Las Chips Ahoy Chunky eran las mejores galletas del universo según yo hace diez años. Eran increíblemente chocolatosas y… no recuerdo más. Solo me veo sentada en la mesa del comedor compartiéndolas con mi novio de esa época. Probablemente valdría la pena repetir la experiencia, pensé al volver a verlas este verano. Digo “probablemente” porque pasé frente a la sección de galletas una y otra vez, dubitativa, antes de decidirme a comprarlas. Llevé un paquete a la casa, saqué unas cuantas y las acompañé con un vaso de leche de almendra. ¿El veredicto? Cartón demasiado dulce, arena solidificada demasiado dulce. Es difícil de explicarlo, pero estos no eran bizcochos dignos de ser digeridos y no entendí cómo fui capaz de disfrutar tamaño engaño en el pasado.
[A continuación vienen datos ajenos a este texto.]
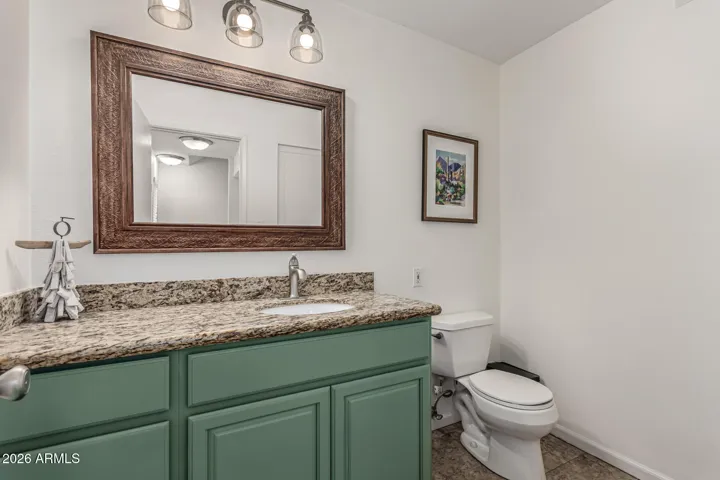 Large half-bath powder room with extra storage
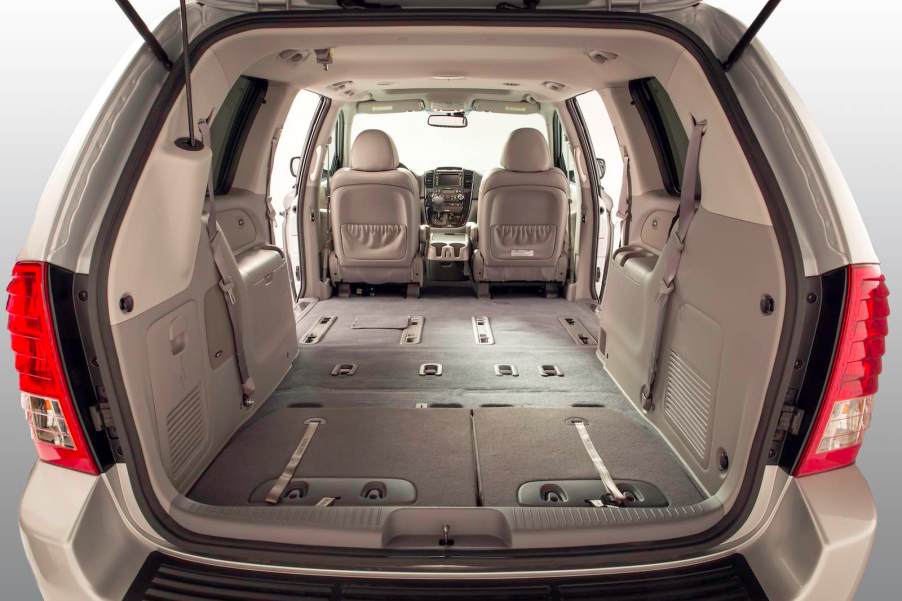 The tan interior of a beige Sedona minivan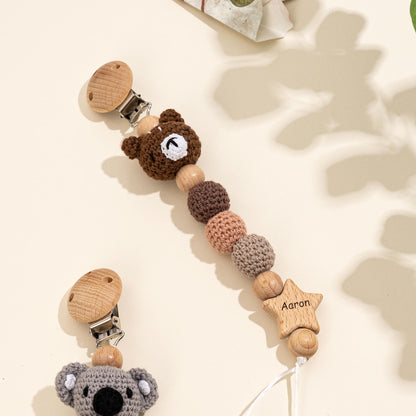 Close up of hand crochet bear pacifier clip with beech wood beads and engraved name star for baby stroller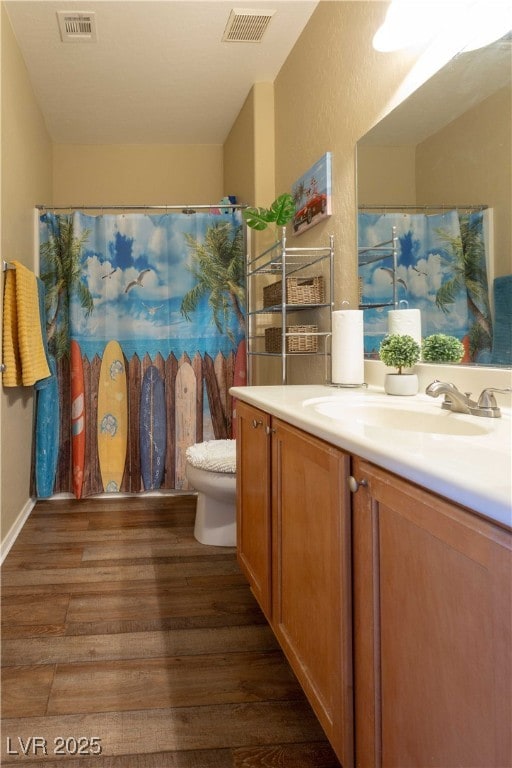 full bathroom featuring visible vents, toilet, wood finished floors, and vanity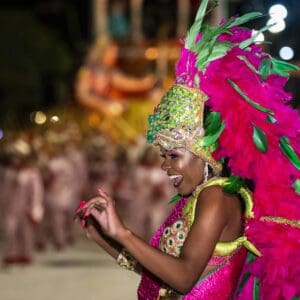 A woman in a colorful costume is dancing in a parade.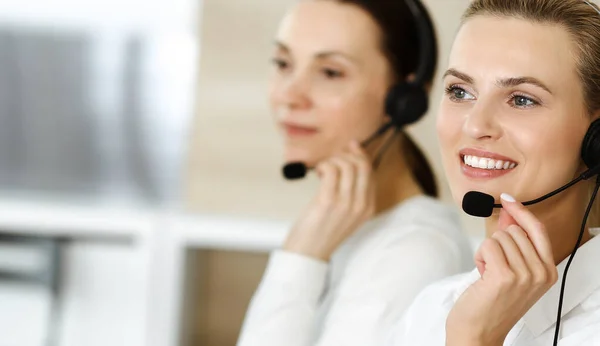 Die blonde Kundendienstmitarbeiterin und ihr Kollege beraten Kunden online per Headset. Callcenter und Geschäftsleute-Konzept — Stockfoto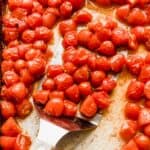 Roasted grape tomatoes on a baking sheet.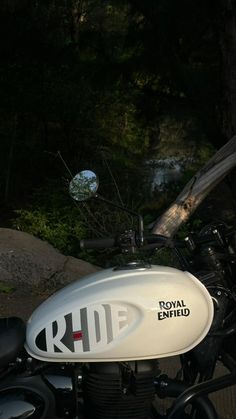 a white and black motorcycle parked next to a forest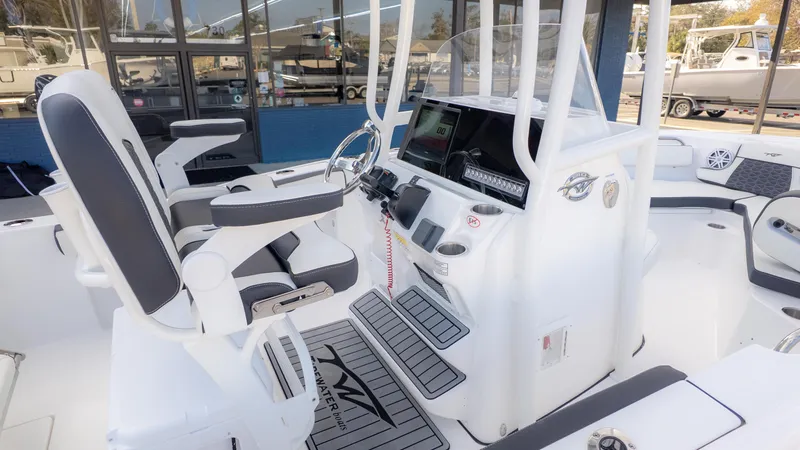 Slide: The Image of 2025 Tidewater 210CC boat interior with modern helm and seating. - 6
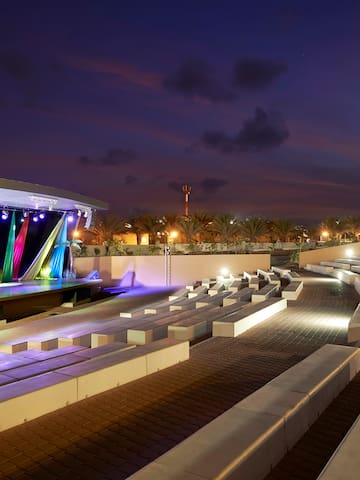 a outdoor stage with lights and seating
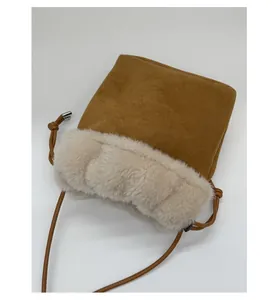 Dettaglio del bordo in peluche beige e pelle scamosciata marrone sulla borsa a secchiello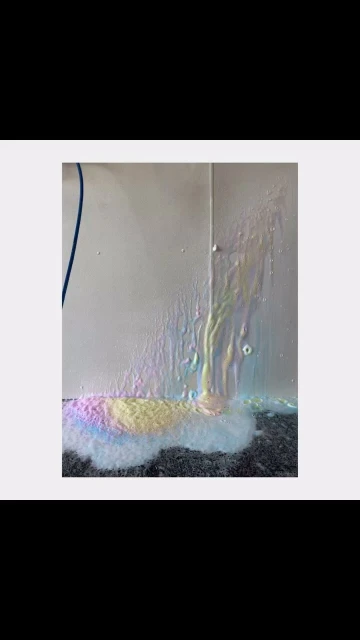 Abstract imagery of colorful water running down a white wall onto a dark grey floor with a white background and blue accent.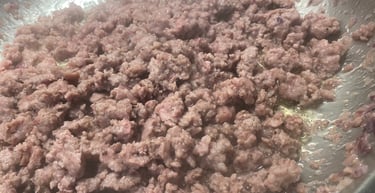 Close-up of browned ground beef cooking with chopped onions in a stainless steel skillet.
Entonces, volviendo al día de ayer: el desespero de esta mala sensación con la que ando se mezcló con el recuerdo de aquel falso bocado y terminé en el supermercado armándome de cocoa, harina y otros tantos ingredientes. Se suponía que solo me estaba preparando para ponerme manos a la obra otro día, pero apenas llegué a la casa y se desgajó el aguacero del fin del mundo supe que no había tiempo que perder. Nunca antes había hecho galletas desde cero, así que las probabilidades de que saliera una cosa asquerosa eran altísimas. Mientras batía la mezcla recordé que una vez en Tsukuba nos reunimos a hacer empanadas pero yo leí mal la cantidad de harina y por mi culpa resultamos con galletas saladas con pollo fosilizado en su interior.
Tardé más o menos dos horas yendo y viniendo del horno porque la mezcla resultó como para repartirle galletas a un pelotón. En todo ese tiempo no se me ocurrió pensar en cómo me estaba sintiendo; en mi mente solo había masa, calor, papel parafinado y un reloj que vigilar. Las primeras galletas se quemaron por ponerlas en el lado equivocado del horno, pero las siguientes quedaron fenomenales. Tienen pedacitos de chocolate amargo y pepas de pimienta negra cuyo sabor estalla en la boca sorpresivamente. Quedé muy contenta con el resultado.
Como salieron tantas galletas, voy a regalar algunas, pero ya estoy pensando en mi próxima acometida culinaria. Tal vez hasta invite a alguien a comer a mi casa.